*Task statement*
All of the data below should be printed again word for word, pictures excluded.

[Captioned web images]
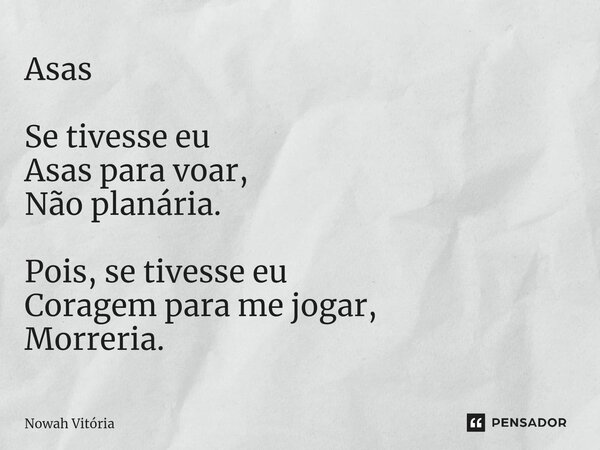 ⁠Asas Se tivesse eu Asas para voar, Não planária. Pois, se tivesse eu Coragem para me jogar, Morreria.... Frase de Nowah Vitória.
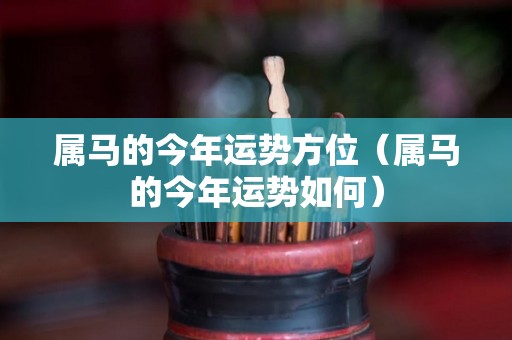 属马的今年运势方位（属马的今年运势如何）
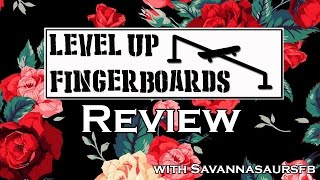 Level Up Fingerboards Review [upl. by Rechaba]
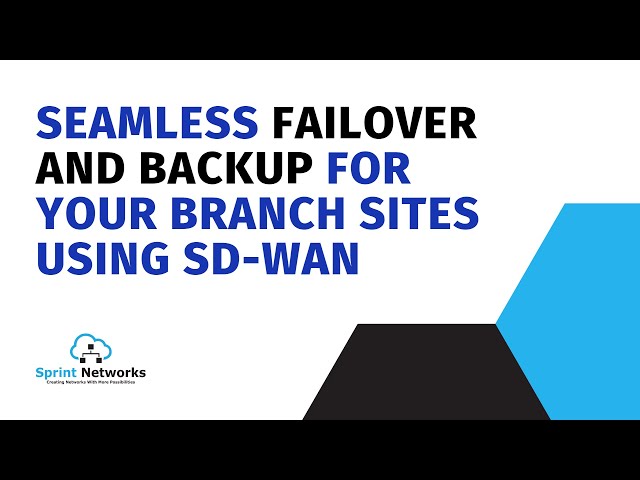 How our SD-WAN solution provides seamless failover and backup for your branch?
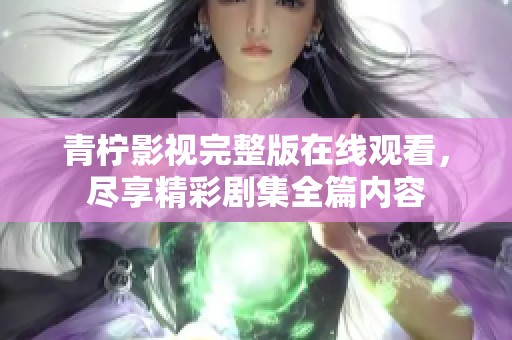 青柠影视完整版在线观看，尽享精彩剧集全篇内容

*Response area*
 ⁠Asas Se tivesse eu Asas para voar, Não planária. Pois, se tivesse eu Coragem para me jogar, Morreria.... Frase de Nowah Vitória.
 属马的今年运势方位（属马的今年运势如何）
 Level Up Fingerboards Review [upl. by Rechaba]
 How our SD-WAN solution provides seamless failover and backup for your branch?
 青柠影视完整版在线观看，尽享精彩剧集全篇内容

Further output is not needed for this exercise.